5 Facts About GABA and Alcohol That Can Help in Recovery

The nervous system plays an essential role in the way that the human body moves, reacts, and functions every day. Throughout the nervous system are different elements that help it to do what it’s supposed to do. For example, gamma-aminobutyric acid, otherwise known as GABA, works to keep the nervous system regulated. 

But when the production of GABA is thrown off, the entire body might not be able to work effectively and it could instead have serious side effects that would put you or your loved one at risk for harm. So, what exactly causes this disturbance, and how can you protect yourself from the consequences of not having a functioning nervous system?

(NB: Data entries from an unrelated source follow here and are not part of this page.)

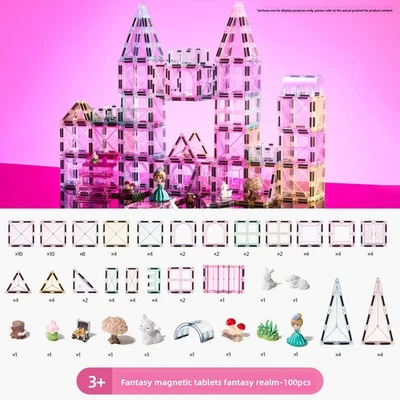 100PC Magnet Tiles Mag-Genius Magnetic Building Blocks SET Toys For Kids GIFT - Image 1 of 4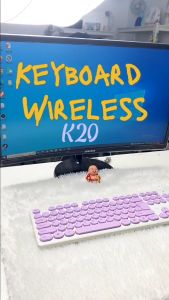 【OLYPS】Keyboard Wireless 2.4Ghz with USB Penerima Tahan Air Makaron Berwarna-Warni Portable Keyboard for PC/Laptop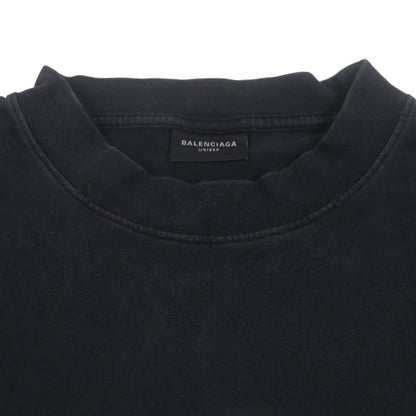 Balenciaga 22AW 712398 Be Different 100% Cotton Unisex Oversized Damaged Crew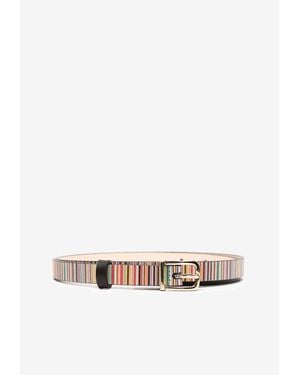 Paul Smith Striped Leather Belt - White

To answer those questions, you must begin to look at the toxic relationship between GABA and alcohol. Here are five facts about GABA and alcohol that can help you understand more about the way your body works as well as how to prepare it for addiction recovery.

1. GABA Helps with Your Mood

GABA and alcohol

The first fact to know is that GABA is responsible for regulating the body’s emotional responses to various stimuli. As described above, GABA is a neurotransmitter that helps the different parts of the nervous system communicate with one another. Specifically, GABA stops the body from reacting in extreme ways to situations or stimuli that can’t actually cause harm. 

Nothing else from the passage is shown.